WASHINGTON (Reuters) - Afghan President Hamid Karzai and President Barack Obama meet on Wednesday looking to restore trust after months of caustic relations.
Here are answers to questions about current relations between Afghanistan and the United States, what the sticking points are and how the tensions are being handled.
WHAT IS THE STATE OF RELATIONS?
Prickly and uneasy is how most analysts see relations between Kabul and Washington. In recent months, sharp words have been exchanged between the White House and Karzai, who has blamed the West for much of the corruption in his country. The general view is that despite differences, it is better to work with him than to marginalize Karzai because both face a common threat from the Taliban and other militants. There also have been tensions between U.S. Special Envoy to Afghanistan and Pakistan Richard Holbrooke and Karzai, particularly during last year’s flawed elections, but these seem to have eased recently, said a senior official.
WHY ARE GOOD TIES PARTICULARLY IMPORTANT NOW?
The U.S. military campaign in Afghanistan is at a crucial phase, with 30,000 more troops being sent there to fight the war against the Taliban and other militants. In addition, the Obama administration wants to ensure it is on the same page as Karzai before May 29 when he launches a so-called peace “jirga,” or assembly. There is an international conference on Afghanistan in late July in Kabul and parliamentary elections are due in September. The United States and others have promised to channel more than half of international aid through the Afghan government within the next two years. Building competence of local and central authorities is key to this happening.
WHAT ARE THE ISSUES THAT IRK KARZAI AND VICE VERSA?
Afghans are concerned that the United States will abandon the country once military operations are completed. The July 2011 target date announced by Obama for U.S. forces to begin pulling out of Afghanistan has exacerbated that fear. One goal of Karzai’s trip -- which is being compared to a so-called Strategic Dialogue session in March with the Pakistanis -- is to show a long-term commitment by Washington to Kabul. From the U.S. side, there is frustration that Karzai is not following through on promises to tackle rampant corruption. There is also concern over what role Karzai’s brother might play in Kandahar in southern Afghanistan, the next big push in the military campaign. Obama will be pushing Karzai to do more to quicken the pace of transition to Afghan control, a key focus of NATO’s meeting in Estonia last month.

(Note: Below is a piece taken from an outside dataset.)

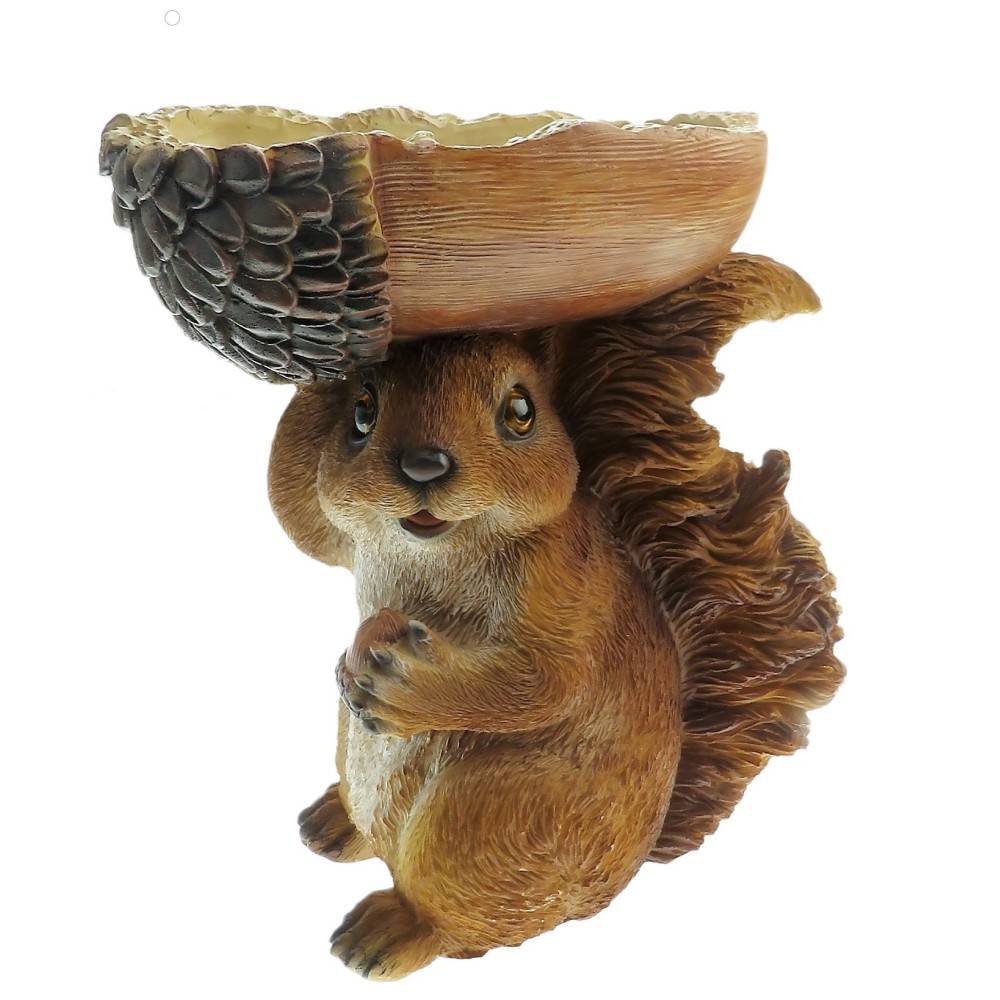 Mangeoire forme écureuil, hauteur 20 cm, oiseaux - Imagen 1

IS THE OBAMA ADMINISTRATION WORKING AROUND KARZAI?
There is a conscious effort to increase dealings with ministers in Karzai’s cabinet who are seen as more efficient and may improve the governance lacking across Afghanistan. Karzai is bringing most of his cabinet members with him to the United States and U.S. officials will hold separate sessions with them. The administration is under pressure to show Congress it has a strategy to deal with the Afghan leader.
HOW WILL KARZAI BE TREATED IN PUBLIC?
The Obama administration has been debating for weeks how to handle Karzai amid fears that he could make disparaging comments that may annoy Congress or the war-weary U.S. public. Most of his media events will be tightly choreographed, probably with limited chances for questions to push Karzai on some of his more controversial statements.
WHAT ABOUT CONGRESS AND ITS VIEWS?
Congress is becoming increasingly irritated with Karzai, frustrated that he has not done enough to tackle corruption. His recent anti-Western rhetoric is perceived by many as ungrateful while American soldiers die and billions of U.S. taxpayer dollars are used to pay for the war. Karzai will have talks with several leading lawmakers, including Massachusetts Senator John Kerry, who the administration sent to Kabul last year to convince Karzai to accept a disputed election result. Whether Congress sees Karzai as a reliable partner is important as Obama has asked for $33 billion more to help fund the 30,000 additional U.S. troops being sent to Afghanistan in 2010. Obama wants another $4.5 billion for more foreign aid and civilian operations in Iraq and Afghanistan this year; about $2 billion of this amount is dedicated to Afghanistan.